Last year, Alberta put mandatory cuts into place to rescue WCS prices, which had dropped as low as $13 per barrel in late 2018, which meant that it was trading roughly $50 per barrel below WTI. The cuts the provincial government put into place helped to rescue WCS prices almost immediately.
Fast-forward to early 2020 and WCS is once again trading at much lower levels compared to the U.S. benchmark.
“Canadian crude failed to participate in the relatively constant price increase since October, remaining largely below $40 per barrel,” JBC Energy said in a note on Friday.
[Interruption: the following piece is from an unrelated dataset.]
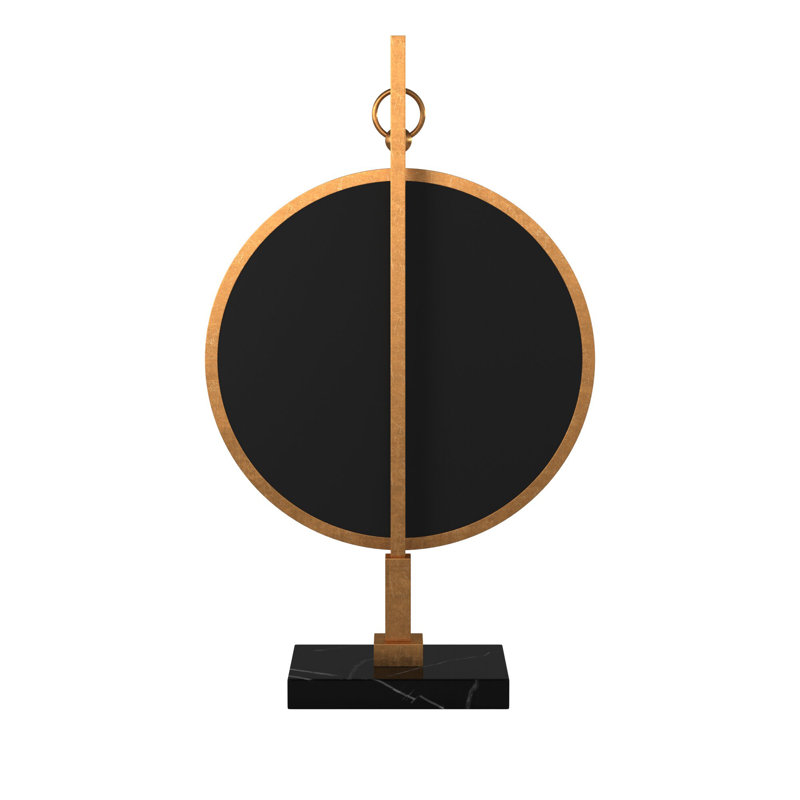 Medallion Round Metal Beveled Mirror, Gold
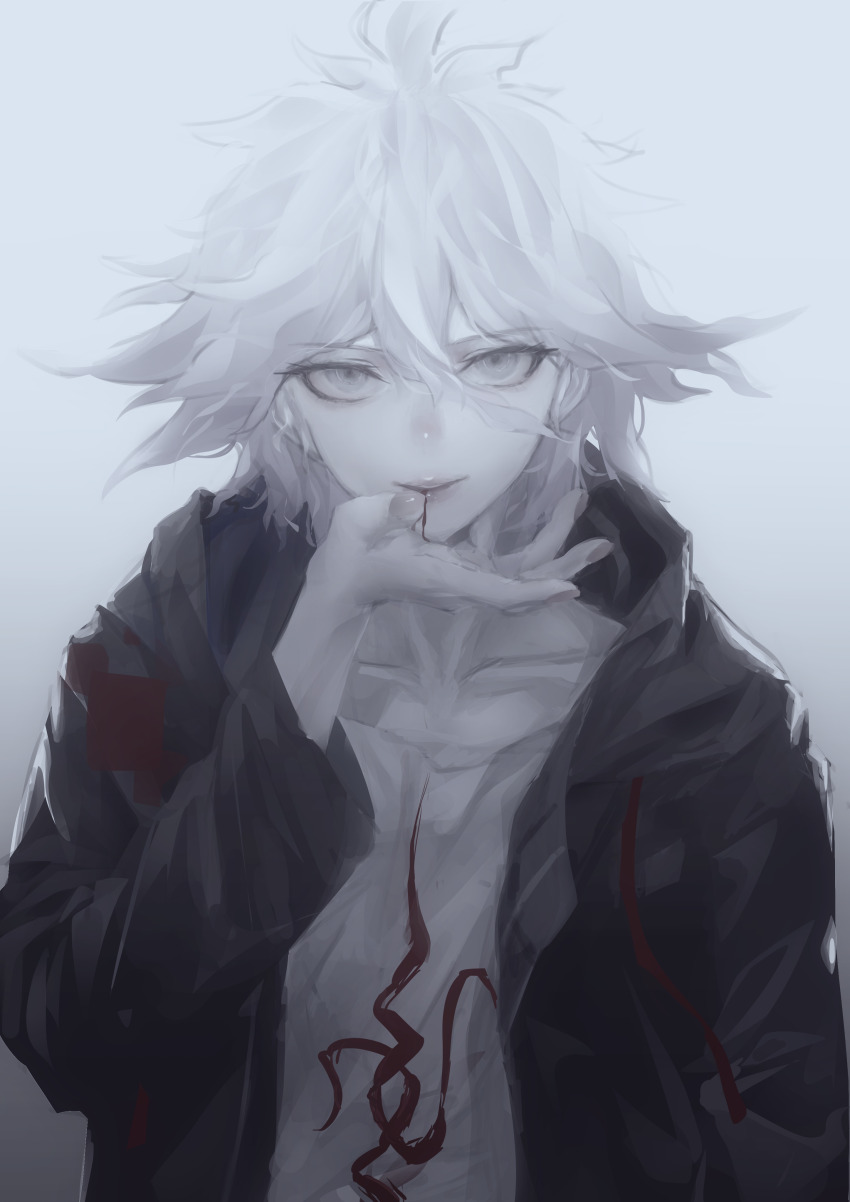 1boy, absurdres, blood, blood_from_mouth, danganronpa_(series), danganronpa_2:_goodbye_despair, gradient_background, green_jacket, grey_hair, hair_between_eyes, hand_up, highres, jacket, komaeda_nagito, long_sleeves, male_focus, messy_hair, open_clothes, open_jacket, print_shirt, sachicoart, shirt, simple_background, smile, solo, white_background, white_shirt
WCS prices have been trading at a discount relative to WTI of about $23 per barrel so far in 2020, which is a larger discount than was seen even after the Keystone pipeline leaked a few months ago.
WCS is now trading at its widest discount since December 2018, the month just before Alberta’s mandatory production cuts went into effect.
“The suppressed prices are coming on the back of strengthened supply, in particular of heavy crude amid upgrader maintenance,” JBC added. Oil sands production was up 80,000 bpd in November, compared to the same month a year earlier.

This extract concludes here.